Class GeneratorMain


  • public class GeneratorMain
    extends java.lang.Object
    Generate a data set according to a given model.

    Key idea of this generator is to re-generate points if they are more likely to belong to a different cluster than the one they were generated for. The benefit is that we should end up with a data set that follows closely the model that we specified.

    The drawbacks are that on one hand, specifications might be unsatisfiable. For this a retry count is kept and an AbortException is thrown when the maximum number of retries is exceeded.

    On the other hand, the model might not be exactly as specified. When the generator reports an "Density correction factor estimation" that differs from 1.0 this is an indication that the result is not exact.

    On the third hand, rejecting points introduces effects where one generator can influence others, so random generator results will not be stable with respect to the addition of new dimensions and similar if there are any rejects involved.
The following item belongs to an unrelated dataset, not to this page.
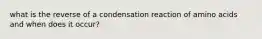 what is the reverse of a condensation reaction of amino acids and when does it occur?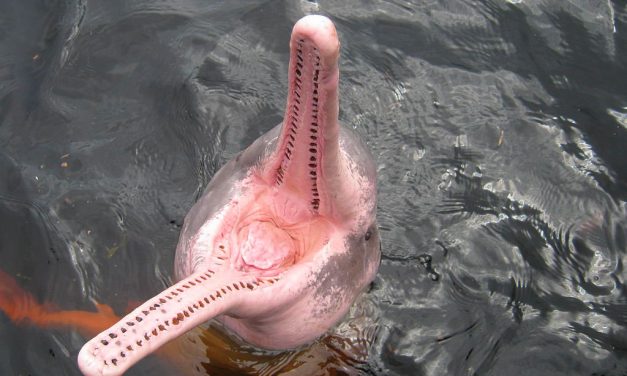 Un accord a été signé entre le Brésil, la Colombie, l’Équateur et le Pérou pour protéger les dauphins roses d’eau douce.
So this generator is not entirely optimal for generating data sets for scalability tests on the number of dimensions, although if clusters overlap little enough (so that no rejects happen) the results should be as expected.

    Since:
    0.2
    Author:
    Erich Schubert
    • Field Detail

      • LOG

        private static final Logging LOG
        Class logger.
      • generators

        protected java.util.ArrayList<GeneratorInterface> generators
        List of clusters to generate.
      • testAgainstModel

        protected boolean testAgainstModel
        Controls whether points are tested against the model during generation.
      • relabelClusters

        protected java.util.regex.Pattern relabelClusters
        Pattern, which clusters (e.g., "Noise") to relabel by the second best cluster.
      • relabelDistance

        protected boolean relabelDistance
        Relabel objects by distance.
    • Constructor Detail

      • GeneratorMain

        public GeneratorMain()
    • Method Detail

      • addCluster

        public void addCluster​(GeneratorInterface c)
        Add a cluster to the cluster list.
        Parameters:
        c - cluster to add
      • generate

        public MultipleObjectsBundle generate()
        Main loop to generate data set.
        Returns:
        Generated data set
      • initLabelsAndModels

        private void initLabelsAndModels​(java.util.ArrayList<GeneratorInterface> generators,
                                         ClassLabel[] labels,
                                         Model[] models,
                                         java.util.regex.Pattern reassign)
        Initialize cluster labels and models.

        Clusters that are set to "reassign" will have their labels set to null, or if there is only one possible reassignment, to this target label.

        Parameters:
        generators - Cluster generators
        labels - Labels (output)
        models - Models (output)
        reassign - Pattern for clusters to reassign.
      • isTestAgainstModel

        public boolean isTestAgainstModel()
        Return value of the testAgainstModel flag.
        Returns:
        value of testAgainstModel
      • setTestAgainstModel

        public void setTestAgainstModel​(boolean testAgainstModel)
        Set the value of the testAgainstModel flag.
        Parameters:
        testAgainstModel - New value
      • getGenerators

        public java.util.List<GeneratorInterface> getGenerators()
        Access the generators.
        Returns:
        generators
      • setReassignPattern

        public void setReassignPattern​(java.util.regex.Pattern reassign)
        Set the reassignment pattern.
        Parameters:
        reassign - Reassignment pattern.
      • setReassignByDistance

        public void setReassignByDistance​(boolean bydistance)
        Relabel objects by distance, instead of by density.
        Parameters:
        bydistance - Boolean when to use distances.